Bitcoin

Why did Bitcoin price fall today?

Bitcoin (BTC) price sold off on December 11, falling about 7.5% to around $40,640. Several factors contributed to the price decline.

Bitcoin Indicator Shows Overbought Correction

The decline in Bitcoin price on December 11 shows that leverage extinction occurred amidst an overbought situation.

In particular, the cryptocurrency’s daily relative strength index (RSI) has exceeded 70 since December 5, suggesting that it is overvalued. An overbought RSI typically leads to local market highs as there are fewer buyers and more sellers.

BTC/USD daily price chart showing overbought RSI. Source: TradingView

On-chain indicators also show that there is upside potential among traders.

For example, Bitcoin’s Net Unrealized Profit/Loss (NUPL) indicator, which measures the percentage of investors generating profits, surged above 0.5 for the first time since December 2021.

Bitcoin NUPL vs price performance. Source: CryptoQuant

This means that most Bitcoin investments are currently sitting on unrealized gains, with the odds of taking profits off the current market high increasing.

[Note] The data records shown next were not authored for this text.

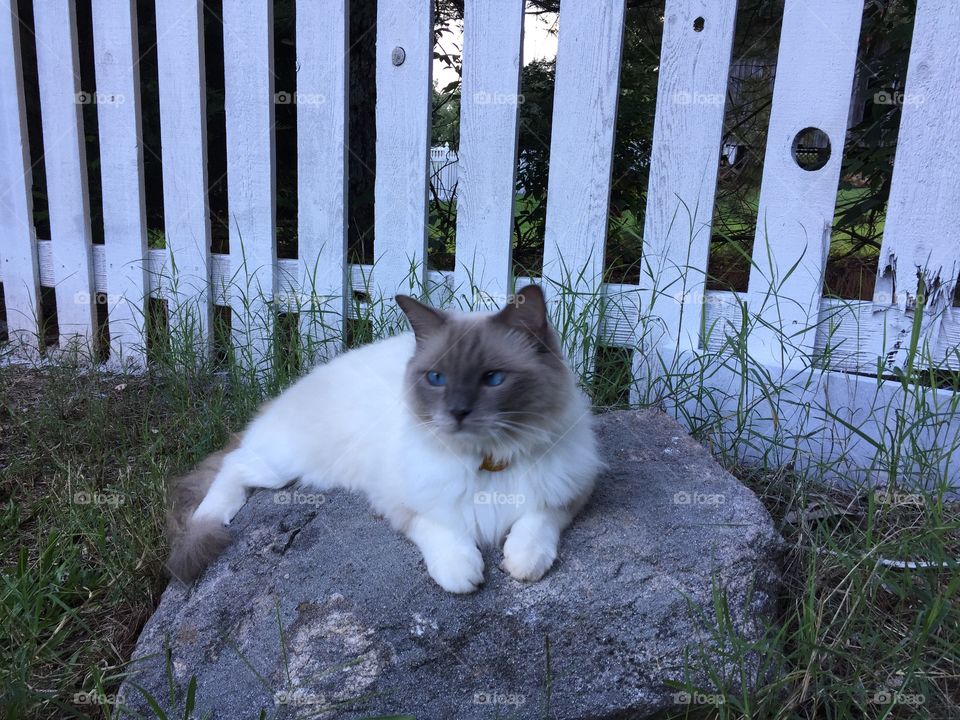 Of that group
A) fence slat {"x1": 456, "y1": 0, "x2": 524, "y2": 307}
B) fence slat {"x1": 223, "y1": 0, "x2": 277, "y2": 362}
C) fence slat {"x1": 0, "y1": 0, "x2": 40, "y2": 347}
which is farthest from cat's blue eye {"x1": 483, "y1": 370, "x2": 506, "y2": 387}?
fence slat {"x1": 0, "y1": 0, "x2": 40, "y2": 347}

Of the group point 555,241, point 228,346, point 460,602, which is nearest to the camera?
point 460,602

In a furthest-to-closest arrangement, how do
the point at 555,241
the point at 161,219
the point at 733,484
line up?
the point at 161,219, the point at 555,241, the point at 733,484

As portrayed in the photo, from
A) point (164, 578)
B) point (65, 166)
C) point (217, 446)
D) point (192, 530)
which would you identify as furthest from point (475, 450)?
point (65, 166)

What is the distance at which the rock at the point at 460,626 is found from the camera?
196 cm

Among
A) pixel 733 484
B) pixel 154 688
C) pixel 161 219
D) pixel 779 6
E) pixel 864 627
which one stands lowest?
pixel 154 688

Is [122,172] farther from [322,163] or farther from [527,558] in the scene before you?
[527,558]

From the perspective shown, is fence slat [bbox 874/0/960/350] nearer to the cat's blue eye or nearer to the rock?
the rock

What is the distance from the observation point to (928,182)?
3.02m

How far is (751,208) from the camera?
4.70m

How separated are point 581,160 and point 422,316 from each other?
1.60 meters

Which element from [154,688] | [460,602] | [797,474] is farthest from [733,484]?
[154,688]

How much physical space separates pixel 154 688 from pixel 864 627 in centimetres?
202

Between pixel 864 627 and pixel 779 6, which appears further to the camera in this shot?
pixel 779 6

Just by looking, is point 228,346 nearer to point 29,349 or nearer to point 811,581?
point 29,349
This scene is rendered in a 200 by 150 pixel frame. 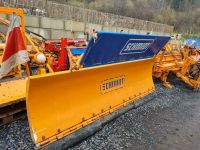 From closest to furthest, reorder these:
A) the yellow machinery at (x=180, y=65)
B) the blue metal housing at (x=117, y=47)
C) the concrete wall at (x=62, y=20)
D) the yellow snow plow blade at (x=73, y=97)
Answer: the yellow snow plow blade at (x=73, y=97), the blue metal housing at (x=117, y=47), the yellow machinery at (x=180, y=65), the concrete wall at (x=62, y=20)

Bitcoin miners are among those benefiting

Tracking the reserves of Bitcoin miners makes the monetization scenario more robust.

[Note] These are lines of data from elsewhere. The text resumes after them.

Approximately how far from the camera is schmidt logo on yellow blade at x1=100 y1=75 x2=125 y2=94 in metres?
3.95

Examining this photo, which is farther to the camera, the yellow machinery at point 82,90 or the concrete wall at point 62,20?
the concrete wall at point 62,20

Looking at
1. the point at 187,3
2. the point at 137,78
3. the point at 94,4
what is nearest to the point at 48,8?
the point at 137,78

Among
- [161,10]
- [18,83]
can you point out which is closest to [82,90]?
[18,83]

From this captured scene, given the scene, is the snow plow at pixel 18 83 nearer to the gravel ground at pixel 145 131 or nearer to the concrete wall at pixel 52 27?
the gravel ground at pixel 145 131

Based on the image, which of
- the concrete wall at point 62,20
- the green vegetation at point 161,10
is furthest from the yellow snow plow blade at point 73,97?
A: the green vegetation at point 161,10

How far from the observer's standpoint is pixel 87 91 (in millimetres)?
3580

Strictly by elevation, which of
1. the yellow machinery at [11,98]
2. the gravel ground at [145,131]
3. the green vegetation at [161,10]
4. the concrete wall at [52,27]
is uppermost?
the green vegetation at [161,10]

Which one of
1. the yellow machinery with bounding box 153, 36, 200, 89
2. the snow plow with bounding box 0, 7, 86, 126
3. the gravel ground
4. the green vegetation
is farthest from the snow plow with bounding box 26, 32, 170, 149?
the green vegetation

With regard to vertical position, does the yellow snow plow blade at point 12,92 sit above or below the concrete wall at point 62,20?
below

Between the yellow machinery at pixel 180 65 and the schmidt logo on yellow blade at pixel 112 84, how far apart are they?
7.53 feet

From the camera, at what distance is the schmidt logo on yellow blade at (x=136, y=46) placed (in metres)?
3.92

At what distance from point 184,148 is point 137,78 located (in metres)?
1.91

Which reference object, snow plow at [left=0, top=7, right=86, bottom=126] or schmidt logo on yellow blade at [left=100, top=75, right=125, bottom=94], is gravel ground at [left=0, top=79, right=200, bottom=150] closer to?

For example, Bitcoin’s decline on December 11 was due to a significant decline in miners’ BTC holdings, according to wallet data tracked by CryptoQuant. This coincides with increasing BTC flows to cryptocurrency exchanges from miners, indicating that they are willing to sell or are already selling.

Bitcoin miner holdings and netflow chart. Source: CryptoQuant

As you can see, miners are locking in profits due to the 2024 halving event, which will reduce their rewards by half. With increased competition resulting from rising hash rates, BTC miners are likely to adopt strategies that strengthen their cash reserves.

Bitcoin wants RECT

Today’s decline in Bitcoin price coincides with the liquidation of $87 million worth of long positions in the BTC derivatives market. In comparison, only $9.91 million worth of short positions were liquidated.

Bitcoin total liquidation chart. Source: Coinglass

When the market liquidates a large number of long positions, a significant amount of the asset is suddenly sold. This can trigger stop-loss orders set by other long traders, putting more selling pressure on them.

Are there any more downsides to Bitcoin?

From a technical perspective, Bitcoin’s decline today is part of a dominant consolidation trend that has been drawing a bullish pennant setup, confirmed by a triangle-shaped sideways trend.

A bullish pennant is a rising continuation pattern that forms after a strong upward trend. It usually resolves when the price crosses the upper trend line on high volume and rises by the size of the asset’s previous uptrend.

As a result, BTC’s price is likely to remain in the pennant range and rebound towards the established upper trendline near $44,000. However, if a decisive breakout occurs, the price could rise to $50,000 in the new year or January 2024, at which time the U.S. Securities and Exchange Commission is also expected to make a decision on a Bitcoin exchange-traded fund.

BTC/USD daily price chart. Source: TradingView

Bullish sentiment further improved with the formation of two lower long candle wicks on the December 8th and 11th candles. This represents a bullish rejection. Nonetheless, bad fundamentals, such as a potential spot Bitcoin ETF rejection or delay, could invalidate the upside scenario.

In this case, Bitcoin risks falling below the pennant support around $42,000 and deserves further upside towards the 50-day exponential moving average (50-day EMA, red wave) around $37,480.